Responding to atheists’ evidence, Jacques Rousseau, a South African humanist and chairperson of the Free Society Institute, called it a “fabrication, or at least a fantasy, that [Mandela] was an atheist at all.” Mandela’s longtime friend Bishop Don Dabula unequivocally stated that Mandela “was a deeply religious man; he believed sincerely in the existence of the Almighty.” Michael Trimmer, in Christianity Today, went one better, writing that Mandela’s Christian faith is now “universally accepted,” a conclusion he based on words Mandela uttered when he attended church services during his presidency. Much more cautiously, Emily Murdoch, in World Religion News, wrote that because Mandela was very quiet about his religious beliefs, “History is still unsure of what Nelson Mandela’s exact beliefs were regarding god and religion.”
Amid the debate are those who have wondered if Mandela’s faith really matters. They have argued that a good man is a good man, no matter what his faith. What matters was his leadership in overturning apartheid in South Africa. And why bother to debate an issue Mandela himself refused to address? These writers, I would argue, are missing an important point, and in addition to examining the evidence on both sides of the debate, I will show that Mandela’s faith—which I will call “Ubuntu atheism”—does matter because it offers important lessons for leaders today.
Theists’ ‘Evidence’
In The Spiritual Mandela: Faith and Religion in the Life of Nelson Mandela (2018), South African journalist Dennis Cruywagen admited that after his release from prison in the 1990s, Mandela stated in an interview that “No, I am not particularly religious or spiritual. Let’s say I am interested in all attempts to discover the meaning and purpose of life. Religion is an important part of that exercise.” But Cruywagen then presented evidence “from many people who can testify to having witnessed his spiritual side.” They include Methodist prison chaplain Dudley Moore and Anglican priest Harry Wiggett who said that Mandela took communion regularly in prison, while Methodist president John Scholz told Cruywagen that Mandela not only accepted communion in his presence but encouraged the prison chaplain to do the same. In 1990, Mandela also took communion at a Catholic church, a controversial act that Rome questioned.

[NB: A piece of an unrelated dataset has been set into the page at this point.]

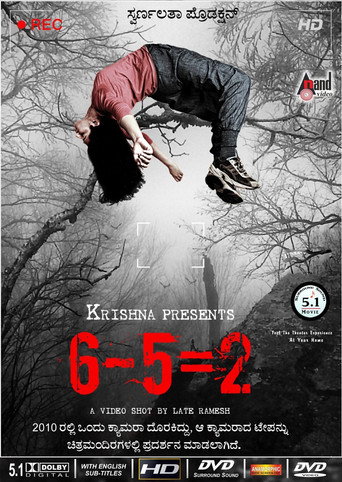 Movie poster for 6-5=2 (2013)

But while Cruywagen offers all these examples as evidence of Mandela’s “religiosity,” he completely ignores Mandela’s motives not only for taking communion but also for writing (in his autobiography) that while he was in prison, “I never missed a service and often read the scripture lessons. Come to think of it, I was quite religious.” In fact, Cruywagen—who rarely quotes Mandela himself—seems oblivious to what Mandela means when he uses the term religious and why he often called himself “a Christian.” Mandela subscribed to the missionaries’ axiom that “to be Christian was to be civilized, and to be civilized was to be Christian.” But to him there was a huge difference between being “religious” or “Christian” and believing in the supernatural.
Cruywagn’s other evidence is equally problematic. He interviewed a professor who told him that when Mandela was asked about his belief in Jesus Christ, Mandela answered that “a person’s relationship with God is personal and private, but a belief in Jesus is accepted by all of us.” Mandela typically distinguished between “God” (a word he rarely used) and “Jesus,” a biblical figure whose revolutionary spirit he admired. In fact, he justified using violence against the apartheid regime by recounting the biblical story of Christ’s throwing money changers out of the temple. Cruywagen unwittingly concedes this point when he quotes Peter Storey, who helped elect members of South Africa’s truth commission. Storey told Cruywagen that Mandela “was never a formal believer in sense of all the doctrinal jots and titles, but the spirit of Jesus and his welcoming spirit, I think, were profoundly central to his own character.”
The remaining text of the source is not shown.